If you have a mixture of discrete and continuous variables, then the algorithm works no different:

  • Either split a continuous variable at some optimal threshold
  • Or split a categorical variable based on the category that results in the largest improvement

If you really want to understand how the tree 'comes to its decision' at each step, you should study the metric used for splitting.
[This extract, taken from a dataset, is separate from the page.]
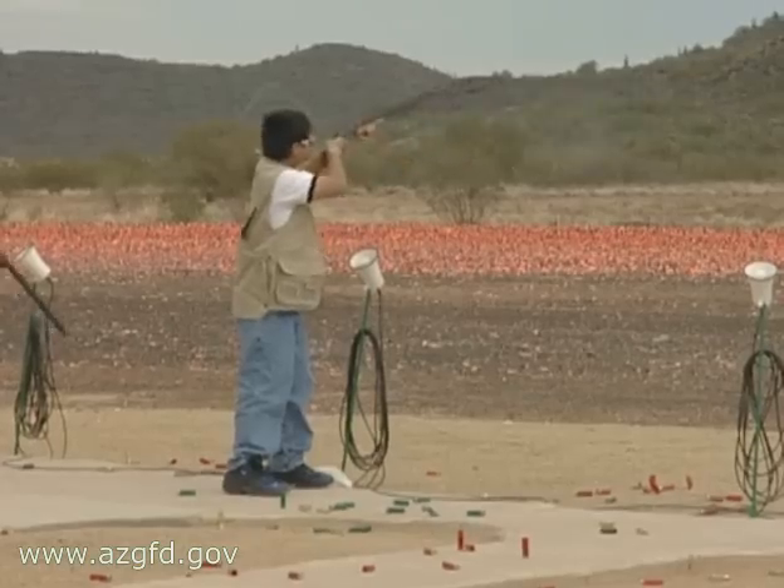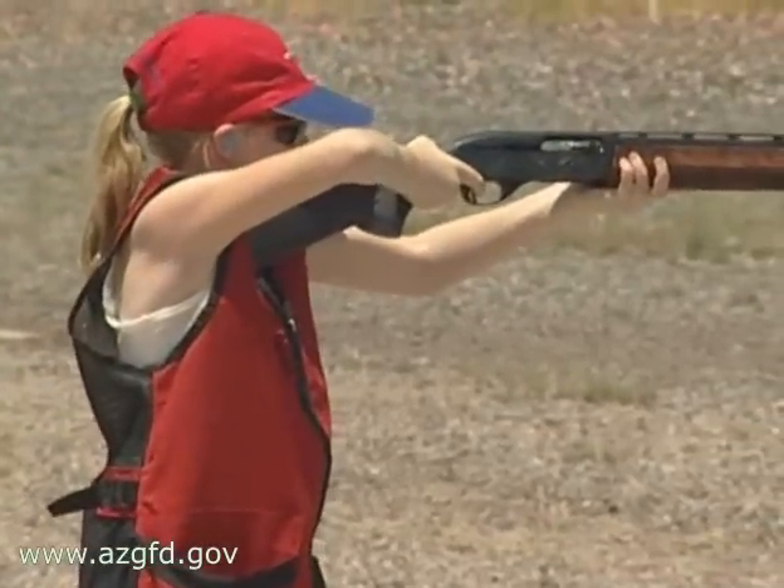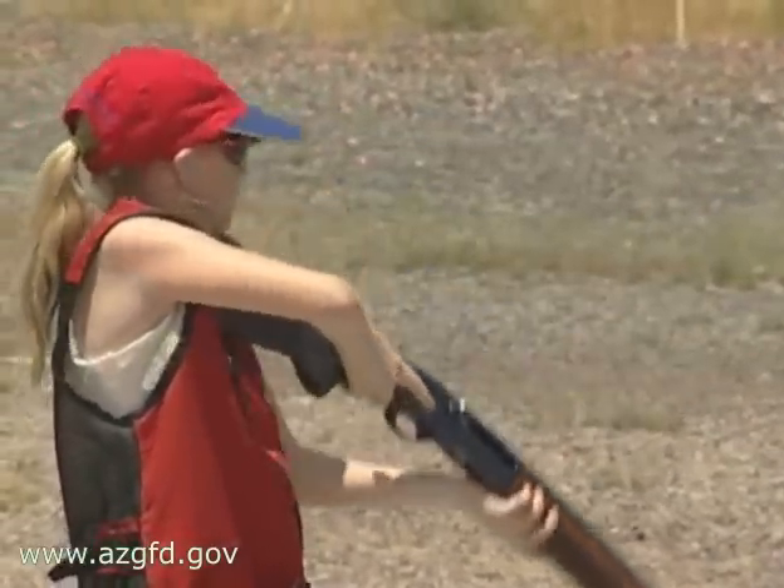The layout provides the shooter with 25 flushing targets, creating an exciting challenge from five different shooting stations per round.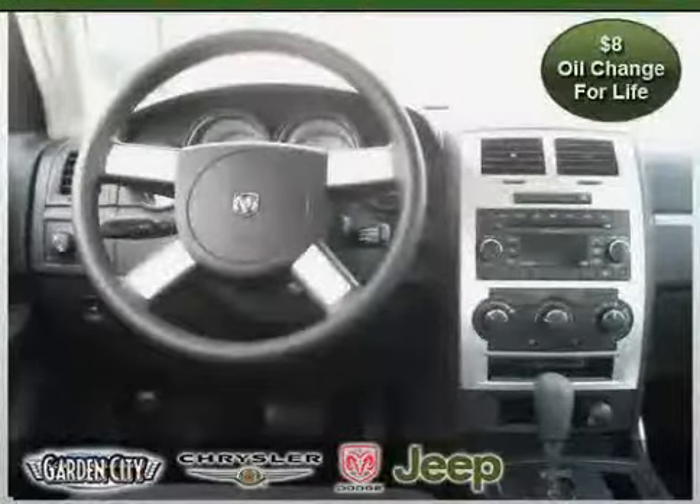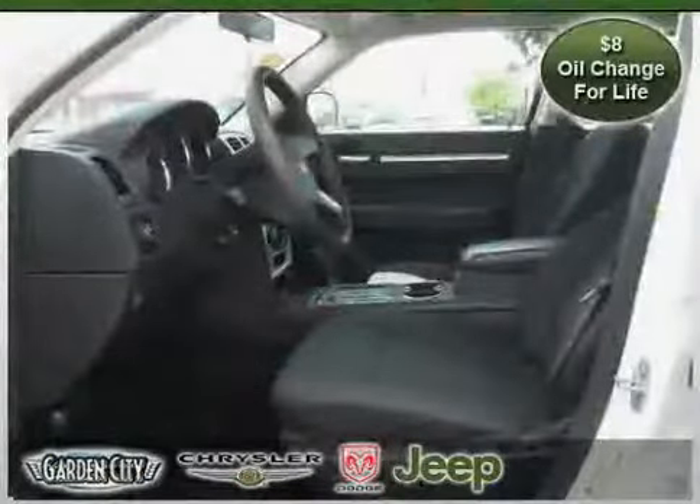Driven with care for 39,107 miles, makes this Charger an easy choice for you.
Edit: An example procedure using MSE

  1. Define a loss function $\sum_{i=1}^{k}\sum_{j=1}^{n_i}{(\hat{y}_j - y_j)^2}$, where $k$ is the current number of nodes (start at $k=1$) and $n_i$ is the number of observations in node $i$;
  2. Define some regression model. This could be just an intercept, like in André's example: $y = \beta_0 + \epsilon$, or it could include explanatory variables that you don't want to split, but rather regress on, at the terminal nodes;
  3. Use an optimizer (e.g. the default in R's optim) to minimize the loss function in (1) by considering splits among all variables. To do this, you need to obtain all $\hat{y}$ values by running your regression model from (2) on each terminal node's observations;
  4. Repeat (3) until some criterium has been reached (e.g. the number of observations in each node is less than can be further split, given the number of parameters in (2));
  5. You now have a full tree that you can prune.

Your model in (2) can be all kinds of things. For example, R's party package can do simple linear regression, survival analysis, multivariate regression and more. If you want more specific details, try reading the vignette. Section 3.2 explains splitting criteria.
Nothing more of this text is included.